A partir de ahí se crea un grupo de trabajo intergubernamental, y empiezan los problemas, porque mientras hay gobiernos que quieren matizar determinados aspectos, hay otros, como Estados Unidos o la Unión Europea, que se niegan directamente a reconocer el derecho humano a la paz. Probablemente en febrero de 2014 será la próxima reunión, y ahí se presentará un texto nuevo con el que trabajar, en el que intentaremos salvar lo posible.
«La Declaración Universal es el mayor legado de civilización del siglo XX, y el reto en el siglo XXI es conseguir que se aplique.
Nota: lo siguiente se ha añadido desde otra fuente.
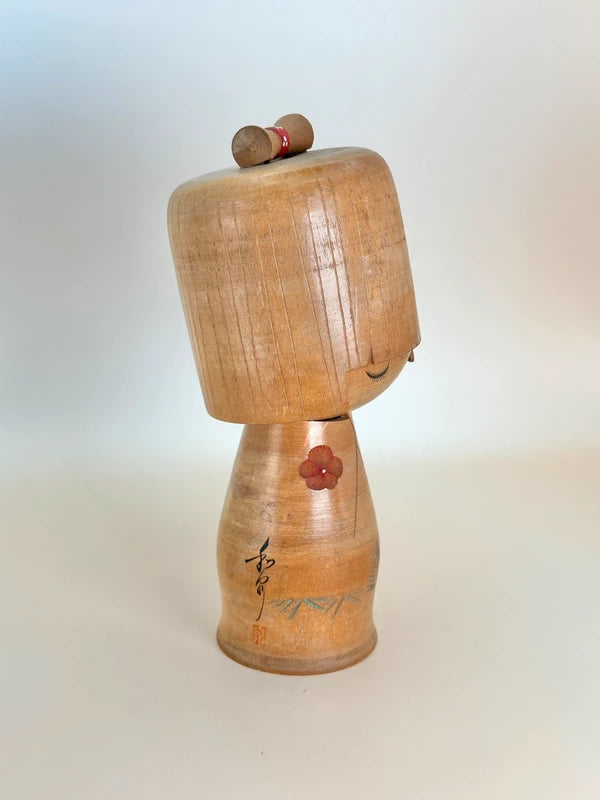 K15083 - Sosaku kokeshi by Ueda Izumi 值田和泉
En ese sentido, el derecho a la paz comprende todos los demás derechos humanos, los recoge y los multiplica»
-¿Cuáles son los puntos más conflictivos?
-Un punto que los estados interesados no quieren aceptar es la reforma del Consejo de Seguridad, que tiene una estructura entendible en el año 45, pero que hoy está totalmente obsoleta. No tiene sentido que haya cinco países con derecho a veto, sólo porque ganaron la Segunda Guerra Mundial. Pero lógicamente esos países se oponen a la reforma. Otro punto caliente es aceptar el derecho a la objeción de conciencia, a la desobediencia civil en general. Eso a los estados dictatoriales les cuesta mucho asumirlo, pero a nosotros nos parece un punto esencial.
Y otra cosa que no gusta nada es que exista un órgano de control de la aplicación de la declaración. Eso significa que vamos a exigir que esta declaración se cumpla, lo que ellos consideran que va a limitar su soberanía. O, si quieres, va a limitar su derecho soberano de declarar la guerra cuando les plazca.
-¿Su experiencia en Naciones Unidas está siendo útil en este proceso?
-En parte creo que es lo que nos ha permitido llegan tan lejos. Yo he ido aprendiendo a ver de dónde vienen las cornadas y tratar de evitarlas, a veces hay que tener cintura… sobre todo hay que saber tratar política y diplomáticamente a los gobiernos. Pero bueno, tampoco se pueden hacer milagros: cuando un gobierno niega categóricamente el derecho humano a la paz, hay poca negociación posible. Es lo que me preocupa en estos momentos, aunque sé que esto es un camino de largo recorrido. Desde luego, soy optimista.